In honor of Timothy Leary: Neurocomics remastered and colored
97 years ago one of the brightest minds of 20th century descended upon this planet under the guise of an Irish trickster. He managed to leave behind not only dozens of books, scientific works and manifestos but the legend: the legend of a man who had playfully declared the ideals of cognitive freedom, not losing his mettle and composure even in the face of imprisonment and death. Naturally, we are talking about Timothy Leary, a man who holds a special place in our hearts and our pantheon, a man who hardly needs a long introduction.
Leary is no stranger in Russia today: psychology majors may have been introduced to him during psychodiagnostics class, pondering over Leary’s test of interpersonal compatibility. Some may have read about him in the foreword of Ken Kesey’s One Flew Over the Cuckoo’s Nest that mentions Leary among those who influenced the book. One may have met this Californian mischief-maker on the pages of The Encyclopedia of Symbols (along with Lovecraft and Crowley) or via Russian youth magazine articles in the mid-nineties. Others were introduced to his works by their friends, or, more recently, by typing «LSD», «mescaline», «Ram Dass», «psychedelic revolution», «why not» into a search engine or by following cross-references found in the interviews of the other prominent people, both his friends (and fans) and his antagonists.

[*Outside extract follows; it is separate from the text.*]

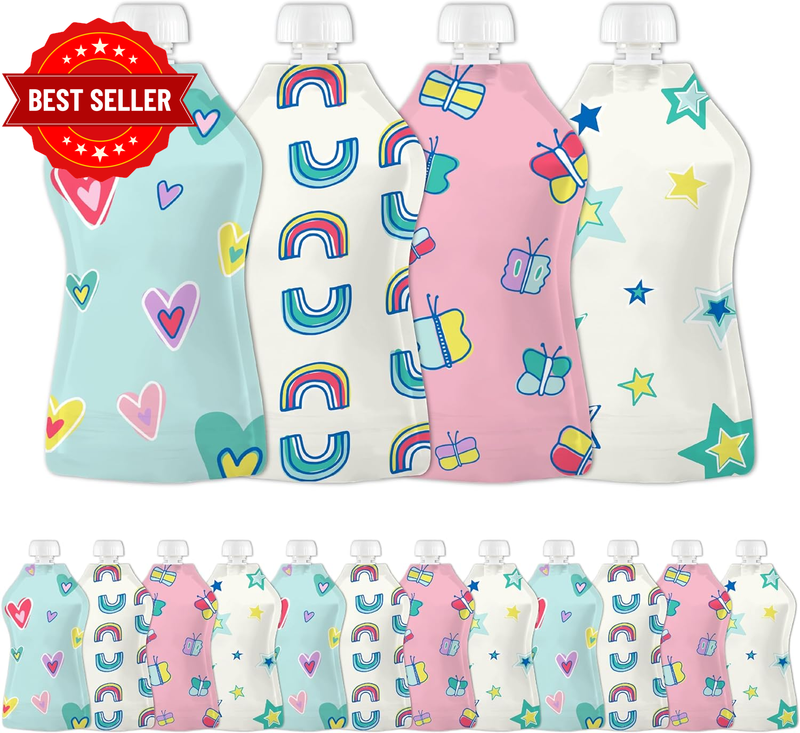 Reusable Food Pouches 5Oz 12-Pack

The time is now to show our gratitude.
In honor of this puckish rogue who lived his live reaching out beyond the limits of mundane life and the limits of human mind alike and managed to find many chemical and electronic keys allowing us to follow him Katabasia presents a colored issue of Neurocomics, a comic book rendition of Future History, one of Tim’s central works. This comic was created in the late seventies in collaboration with Pete von Sholly and George DiCaprio; rather uncomplicated drawings supplemented by considerable quantities of text became a medium for Leary’s ideas concerning humanity’s future prospects. Despite its serious theme, at times Neurocomics reads as a New Age collage, splicing up-to-date genetics with Jungianism, cutting-edge physics with esoteric symbolism and so on. Yet as soon as you explore Future History and Leary’s biography, it becomes obvious that all these heaps of terms and images are nothing more or less than metaphors, building blocks Tim uses to illustrate principles with a nearly childlike spontaneity. Hope you like an extra dimension of color added to these blocks.